The verification layer is where source-grounding becomes structural. Every claim in Feynman’s output includes inline citations—not LLM-generated references, but direct URLs verified by the Verifier agent. If a paper link 404s, the Verifier flags it. If a claim references a GitHub repo, the output includes the commit hash. The verification process ensures citations are checked before outputs are finalized.
Extensibility comes through the skills system. The one-line installer bundles a full terminal app, but you can also install just the skills library into ~/.codex/skills/feynman and use them from any Pi-compatible agent runtime. This separation means you can treat Feynman’s research workflows as building blocks—import the /lit skill into your own agent, customize the Reviewer prompts, or chain research outputs into downstream automation. Skills are versioned Markdown files, so you can pin specific research behaviors or fork capabilities without touching TypeScript.
Gotcha
The source-grounding guarantee comes with infrastructure dependencies. Feynman requires AlphaXiv for paper search, though the README doesn’t document error handling for API failures, rate limits, or what happens when a paper exists but has no associated code repository. You’re depending on a third-party service for core functionality.

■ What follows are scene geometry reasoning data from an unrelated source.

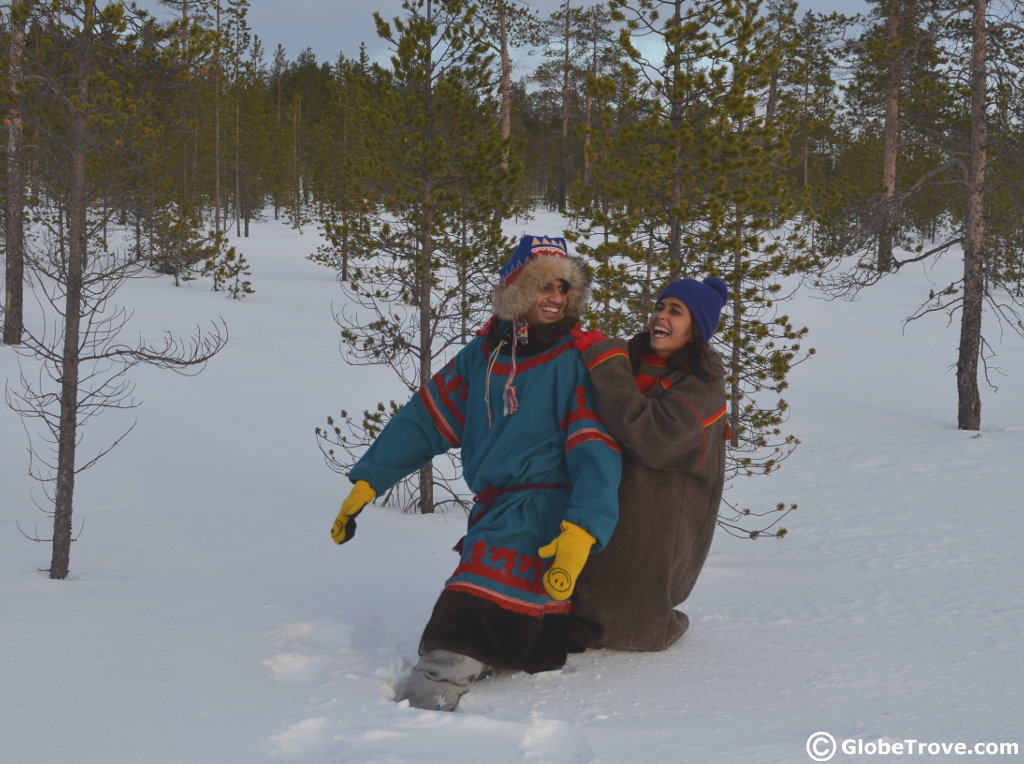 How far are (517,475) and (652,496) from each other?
0.56 meters

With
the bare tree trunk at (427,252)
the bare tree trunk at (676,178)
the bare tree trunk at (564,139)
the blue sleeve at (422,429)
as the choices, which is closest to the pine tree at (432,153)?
the bare tree trunk at (427,252)

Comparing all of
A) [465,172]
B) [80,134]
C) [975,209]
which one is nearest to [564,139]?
[975,209]

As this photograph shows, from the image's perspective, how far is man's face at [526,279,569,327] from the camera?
371 centimetres

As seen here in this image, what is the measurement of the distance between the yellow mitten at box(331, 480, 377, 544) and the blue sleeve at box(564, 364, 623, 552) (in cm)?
92

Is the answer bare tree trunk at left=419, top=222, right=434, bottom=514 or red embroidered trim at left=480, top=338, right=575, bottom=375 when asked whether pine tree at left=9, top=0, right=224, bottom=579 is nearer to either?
red embroidered trim at left=480, top=338, right=575, bottom=375

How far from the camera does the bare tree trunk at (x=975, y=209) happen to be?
433 inches

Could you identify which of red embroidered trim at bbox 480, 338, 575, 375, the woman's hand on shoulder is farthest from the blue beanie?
red embroidered trim at bbox 480, 338, 575, 375

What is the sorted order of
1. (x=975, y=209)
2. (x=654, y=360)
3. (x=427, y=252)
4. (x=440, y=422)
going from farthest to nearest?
(x=975, y=209) < (x=427, y=252) < (x=440, y=422) < (x=654, y=360)

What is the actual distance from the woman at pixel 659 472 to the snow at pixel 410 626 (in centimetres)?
23

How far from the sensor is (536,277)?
3703mm

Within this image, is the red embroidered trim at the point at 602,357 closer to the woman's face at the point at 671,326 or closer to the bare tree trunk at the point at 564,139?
the woman's face at the point at 671,326

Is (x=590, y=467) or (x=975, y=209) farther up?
(x=975, y=209)

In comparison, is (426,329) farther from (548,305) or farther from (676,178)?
(548,305)

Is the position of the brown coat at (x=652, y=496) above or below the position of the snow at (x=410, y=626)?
above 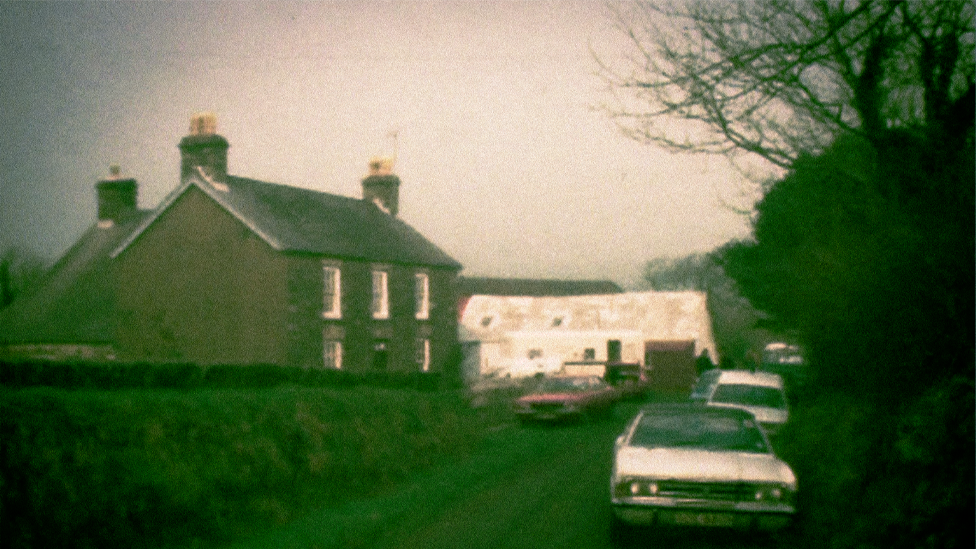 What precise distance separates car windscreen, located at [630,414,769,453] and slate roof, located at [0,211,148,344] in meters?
33.8

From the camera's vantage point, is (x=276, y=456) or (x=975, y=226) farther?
(x=276, y=456)

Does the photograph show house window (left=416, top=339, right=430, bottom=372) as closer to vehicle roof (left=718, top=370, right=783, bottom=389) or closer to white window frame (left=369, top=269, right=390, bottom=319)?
white window frame (left=369, top=269, right=390, bottom=319)

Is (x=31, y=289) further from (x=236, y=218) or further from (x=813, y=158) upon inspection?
(x=813, y=158)

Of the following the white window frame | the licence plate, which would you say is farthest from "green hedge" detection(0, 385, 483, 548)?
the white window frame

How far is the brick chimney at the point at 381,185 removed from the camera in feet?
149

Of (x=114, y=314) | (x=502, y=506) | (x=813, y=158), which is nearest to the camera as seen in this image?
(x=502, y=506)

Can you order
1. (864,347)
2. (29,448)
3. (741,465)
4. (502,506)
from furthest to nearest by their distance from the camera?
(502,506) → (864,347) → (741,465) → (29,448)

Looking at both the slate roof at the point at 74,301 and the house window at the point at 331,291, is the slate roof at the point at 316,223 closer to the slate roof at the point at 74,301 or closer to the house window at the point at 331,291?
the house window at the point at 331,291

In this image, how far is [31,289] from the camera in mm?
43094

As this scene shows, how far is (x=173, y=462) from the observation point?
28.8ft

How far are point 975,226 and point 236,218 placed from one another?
30626 millimetres

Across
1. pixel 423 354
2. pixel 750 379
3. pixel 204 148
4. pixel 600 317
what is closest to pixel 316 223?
pixel 204 148

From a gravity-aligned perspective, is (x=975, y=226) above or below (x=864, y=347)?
above

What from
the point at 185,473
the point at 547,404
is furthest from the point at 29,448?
the point at 547,404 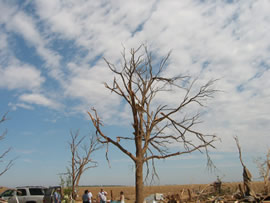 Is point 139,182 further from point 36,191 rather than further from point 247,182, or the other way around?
point 36,191

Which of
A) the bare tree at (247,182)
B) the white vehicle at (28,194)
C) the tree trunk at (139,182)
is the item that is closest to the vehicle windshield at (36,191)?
the white vehicle at (28,194)

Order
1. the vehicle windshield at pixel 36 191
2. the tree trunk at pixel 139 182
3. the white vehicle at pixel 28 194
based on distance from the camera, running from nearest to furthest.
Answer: the tree trunk at pixel 139 182, the white vehicle at pixel 28 194, the vehicle windshield at pixel 36 191

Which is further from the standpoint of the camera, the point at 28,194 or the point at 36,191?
the point at 36,191

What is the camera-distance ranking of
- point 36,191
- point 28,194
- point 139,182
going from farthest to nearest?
point 36,191
point 28,194
point 139,182

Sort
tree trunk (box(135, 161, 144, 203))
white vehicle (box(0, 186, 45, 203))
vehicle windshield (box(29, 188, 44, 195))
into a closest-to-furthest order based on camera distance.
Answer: tree trunk (box(135, 161, 144, 203)), white vehicle (box(0, 186, 45, 203)), vehicle windshield (box(29, 188, 44, 195))

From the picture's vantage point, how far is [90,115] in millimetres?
11125

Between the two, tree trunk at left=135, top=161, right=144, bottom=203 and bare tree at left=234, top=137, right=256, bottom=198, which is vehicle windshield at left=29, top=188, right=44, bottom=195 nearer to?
tree trunk at left=135, top=161, right=144, bottom=203

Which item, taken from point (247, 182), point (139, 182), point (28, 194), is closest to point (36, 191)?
point (28, 194)

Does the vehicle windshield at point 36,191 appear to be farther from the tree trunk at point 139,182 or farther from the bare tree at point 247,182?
the bare tree at point 247,182

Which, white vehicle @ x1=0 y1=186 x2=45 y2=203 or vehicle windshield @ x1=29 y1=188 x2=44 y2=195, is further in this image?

Cloud GPU replication introduces cost and configuration complexity. Modal and RunPod aren’t free, and the README provides no guidance on cost implications—how much does replicating a typical experiment cost? What’s the billing model? How do you set budget limits? For the /replicate workflow to work, you need Modal or RunPod accounts configured, which means API keys, billing setup, and understanding two different cloud platforms. The local Docker fallback works for simple scripts, but real ML experiments need GPUs, and suddenly you’re managing infrastructure.

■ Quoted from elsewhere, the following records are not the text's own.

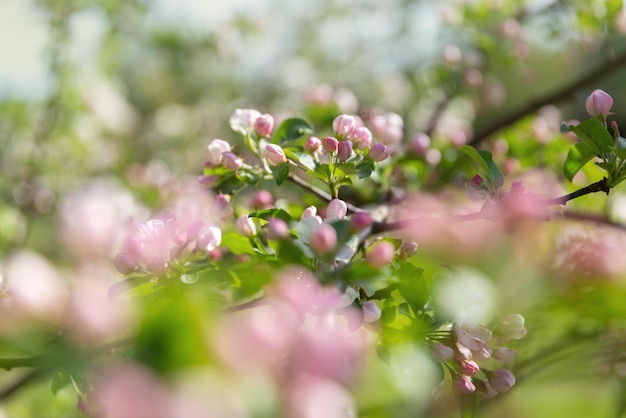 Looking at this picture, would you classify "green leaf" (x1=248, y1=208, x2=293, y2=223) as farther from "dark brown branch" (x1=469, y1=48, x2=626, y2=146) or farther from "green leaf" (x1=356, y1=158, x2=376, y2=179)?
"dark brown branch" (x1=469, y1=48, x2=626, y2=146)

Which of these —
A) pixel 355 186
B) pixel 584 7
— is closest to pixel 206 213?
pixel 355 186

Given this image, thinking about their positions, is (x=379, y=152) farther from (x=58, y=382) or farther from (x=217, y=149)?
(x=58, y=382)

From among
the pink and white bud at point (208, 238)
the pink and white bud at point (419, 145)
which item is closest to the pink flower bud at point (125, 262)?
the pink and white bud at point (208, 238)

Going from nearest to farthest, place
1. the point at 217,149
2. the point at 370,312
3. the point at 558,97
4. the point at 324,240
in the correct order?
1. the point at 324,240
2. the point at 370,312
3. the point at 217,149
4. the point at 558,97

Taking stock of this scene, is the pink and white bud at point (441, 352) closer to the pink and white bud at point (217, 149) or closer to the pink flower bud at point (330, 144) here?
the pink flower bud at point (330, 144)

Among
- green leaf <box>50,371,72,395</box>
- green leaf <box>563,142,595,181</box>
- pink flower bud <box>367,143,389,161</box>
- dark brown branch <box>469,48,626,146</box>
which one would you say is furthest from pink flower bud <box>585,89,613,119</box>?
dark brown branch <box>469,48,626,146</box>

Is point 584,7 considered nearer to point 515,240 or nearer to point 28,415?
point 515,240

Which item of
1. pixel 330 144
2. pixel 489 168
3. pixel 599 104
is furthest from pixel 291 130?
pixel 599 104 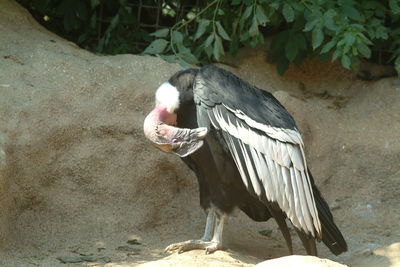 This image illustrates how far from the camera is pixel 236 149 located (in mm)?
4379

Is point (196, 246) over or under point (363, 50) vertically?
under

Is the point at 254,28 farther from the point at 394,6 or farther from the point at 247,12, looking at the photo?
the point at 394,6

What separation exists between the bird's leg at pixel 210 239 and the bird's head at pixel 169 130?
1.46ft

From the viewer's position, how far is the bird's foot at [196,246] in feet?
15.0

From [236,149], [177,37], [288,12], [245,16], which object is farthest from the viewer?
[177,37]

The multi-agent orchestration lacks transparency about decision-making. When Researcher agents disagree—one paper says technique X improves accuracy, another shows no effect—the README doesn’t explain how Feynman synthesizes consensus, whether there are voting mechanisms, or how confidence is scored. You get cited outputs, but the reasoning chain that produced them is hidden. For a tool targeting reproducibility-conscious researchers, this lack of visibility into the agent decision process is a significant limitation.
Verdict
Use Feynman if you’re doing ML/AI literature reviews, need to audit papers against codebases, or want reproducible research artifacts with citation trails baked in. The multi-agent deepresearch and paper audit features are genuinely useful for researchers tired of manually cross-referencing claims. The skills-as-Markdown architecture makes it easy to extend or integrate into existing Pi-based workflows. Best suited for command-line-comfortable researchers who value traceable outputs over conversational UX and who already work in the academic ML space where AlphaXiv has coverage. Skip it if you need a GUI, require transparent agent reasoning chains, or want to avoid cloud GPU billing complexity. Also skip if your research domain is outside ML/AI—AlphaXiv’s paper coverage appears domain-specific, and Feynman’s value proposition depends heavily on it. For web-scale research across arbitrary domains, you’re better off with Perplexity Pro or building custom LangChain workflows against Semantic Scholar’s API.